> Task goal
In the answer, each line must appear exactly as in the records, and no picture may appear.

>>>>

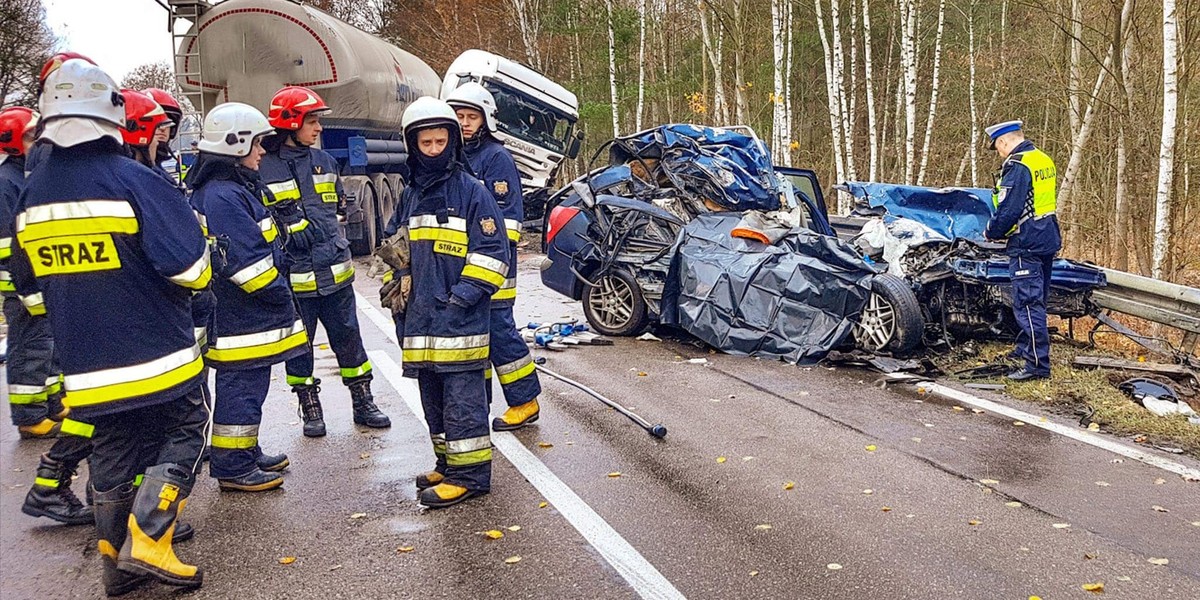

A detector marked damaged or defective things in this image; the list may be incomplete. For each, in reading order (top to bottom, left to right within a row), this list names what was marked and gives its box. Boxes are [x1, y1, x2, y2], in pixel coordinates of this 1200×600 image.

shattered windshield [480, 79, 573, 154]
detached car part on road [540, 124, 921, 360]
crumpled metal panel [667, 216, 873, 364]
crumpled metal panel [835, 182, 993, 241]
wrecked blue car [844, 183, 1104, 350]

<<<<

> Answer section
A detector marked damaged or defective things in this image; the list may be incomplete. For each, in reading order (top to bottom, left to right within a row), this list names what was marked and gives its box. Boxes are [x1, y1, x2, y2], in pixel coordinates of this 1200×600 image.

shattered windshield [480, 79, 573, 154]
detached car part on road [540, 124, 921, 360]
crumpled metal panel [667, 216, 873, 364]
crumpled metal panel [835, 182, 993, 241]
wrecked blue car [844, 183, 1104, 350]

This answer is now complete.